结果对比-gloVe VS gloVE-spacy

任务总结

任务三通过词嵌入模型与句法特征进行融合，本次实现采用简单的一维向量拼接的方式进行融合，采用了不同的方法与小数据集进行了方法设计的验证，证明了方法的可行性后采用具体的数据集进行测试，可以看到加入句法特征后，原始数据得到了比较明显的增强

任务四基于跨度的情感三元组抽取

基于跨度的情感三元组抽取任务是自然语言处理（NLP）领域的一项任务，旨在从文本中提取出关于情感的三元组。这些三元组通常由三个部分组成：实体（Entity），情感词（Sentiment word），以及情感极性（Sentiment polarity）。基于跨度的方法主要利用文本中的不同跨度（即子句）来识别这些三元组。

关于任务的相关概念与设计流程

任务定义

情感三元组抽取任务的目标是从给定的句子中识别出三元组 (entity, sentiment word, sentiment polarity)。例如，在句子“我喜欢这款手机的屏幕，但电池寿命很短。
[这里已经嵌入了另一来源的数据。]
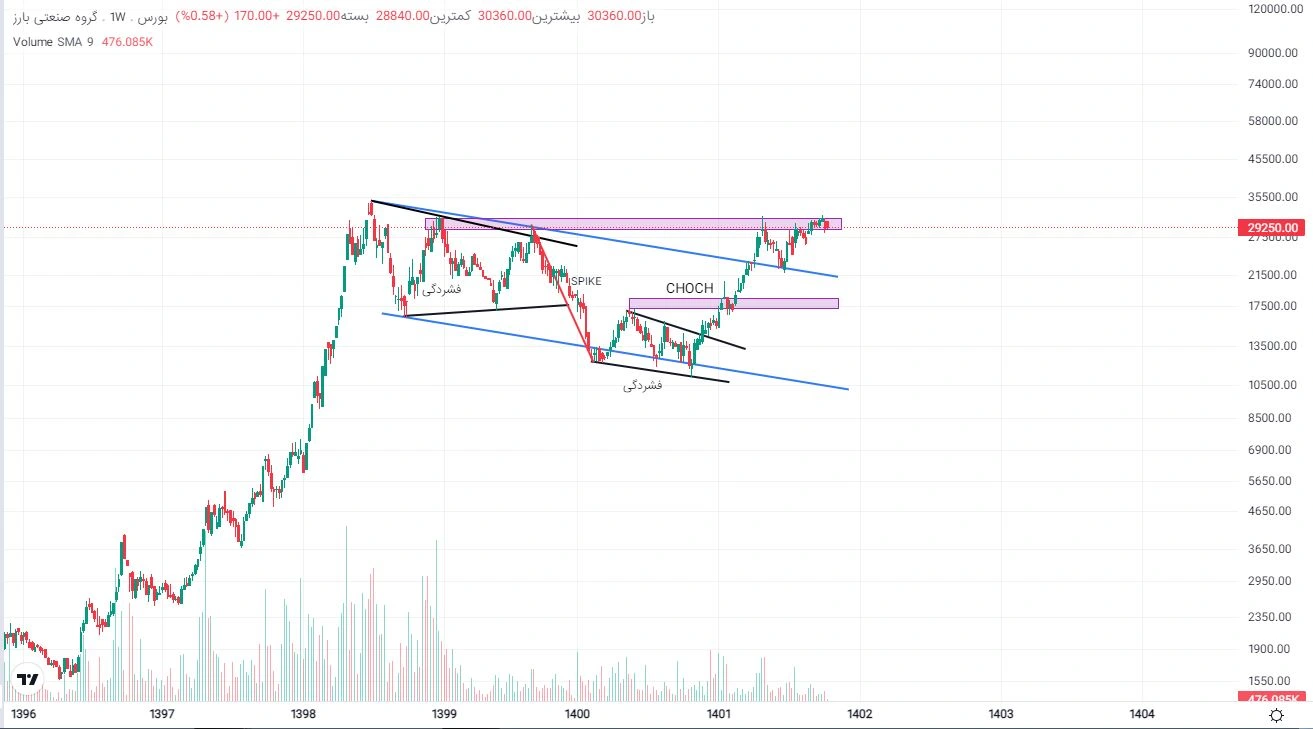 تحلیل تکنیکال سهام پکرمان مهر 1402 / شناسایی سد مهم در برابر پرواز «پکرمان» 9 123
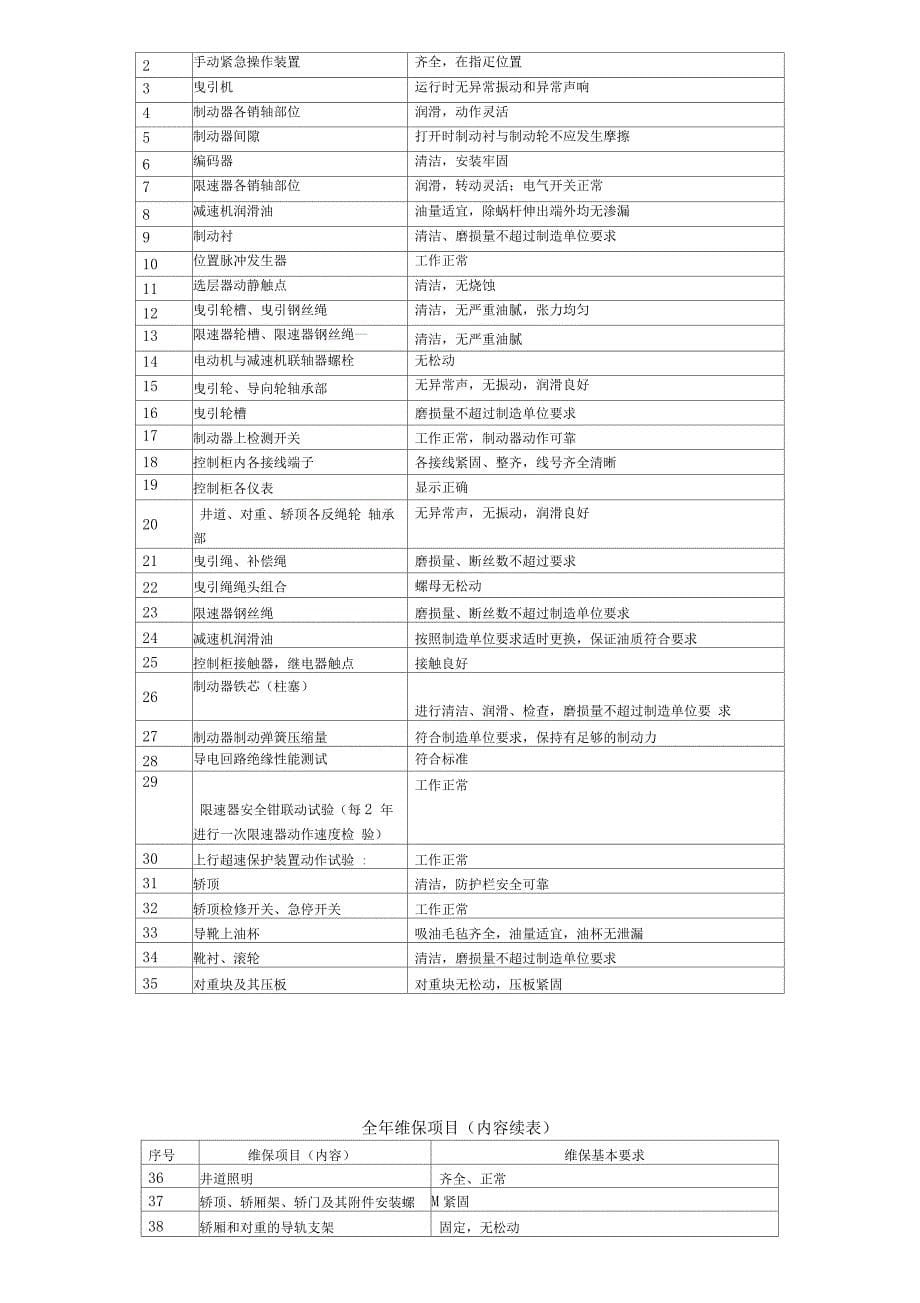 电梯维修保养记录表_第5页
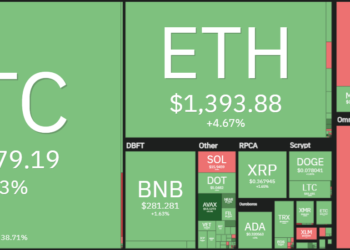 Dogecoin price analysis: DOGE surges to $0.07822, is $0.080 next? – Cryptopolitan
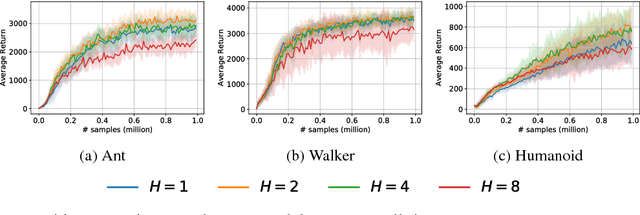 Figure 3 for Algorithmic Framework for Model-based Deep Reinforcement Learning with Theoretical Guarantees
”中，可以识别出两个三元组：

(“屏幕”, “喜欢”, “正面”)
(“电池寿命”, “很短”, “负面”)

基于跨度的方法

基于跨度的方法首先在文本中生成所有可能的子句（跨度），然后使用特定的模型来选择最可能的子句，最后通过这些子句来提取情感三元组。

步骤概述

生成跨度（Span Generation）：在文本中生成所有可能的子句（跨度），每个跨度由起始位置和结束位置确定。
跨度选择（Span Selection）：使用模型选择最有可能包含情感信息的跨度。
情感三元组抽取（Triplet Extraction）：从选定的跨度中提取实体、情感词和情感极性，形成情感三元组。

基于跨度方法示例

以下是一个基于跨度的情感三元组抽取的详细示例：

生成跨度：
对于句子“这款手机的屏幕很清晰，电池寿命很短。”，生成所有可能的跨度，如：
- “这款手机”
- “的屏幕”
- “很清晰”
- “电池寿命”
- “很短”
- 等等
跨度选择：
使用序列标注模型（如BERT等预训练模型）选择最有可能包含情感信息的跨度：
- 选择“屏幕”
- 选择“电池寿命”
情感三元组抽取：
从选定的跨度中提取情感三元组：
- 从“屏幕”中提取情感词“清晰”，极性“正面”
- 从“电池寿命”中提取情感词“短”，极性“负面”

代码示例

以下是一个简单的Python代码示例，展示如何生成跨度并选择情感三元组：

import spacy
from textblob import TextBlob

# 加载英文模型
nlp = spacy.load('en_core_web_sm')

# 示例评论
reviews = [
    "This laptop meets every expectation and Windows 7 is great!",
    "Drivers updated ok but the BIOS update froze the system up and the computer shut down.",
    "It rarely works and when it does it's incredibly slow.",
    "The battery life is amazing and the screen is very clear.",
    "The keyboard feels cheap and the touchpad is unresponsive."
]


# 提取情感三元组
def extract_sentiment_triplets(reviews):
    triplets = []
    for review in reviews:
        doc = nlp(review)
        sentiment = TextBlob(review).sentiment.polarity
        if sentiment > 0:
            sentiment_label = 'POS'
        elif sentiment < 0:
            sentiment_label = 'NEG'
        else:
            sentiment_label = 'NEU'

        # print(f"Review: {review}")
        # print(f"Overall Sentiment: {sentiment_label}")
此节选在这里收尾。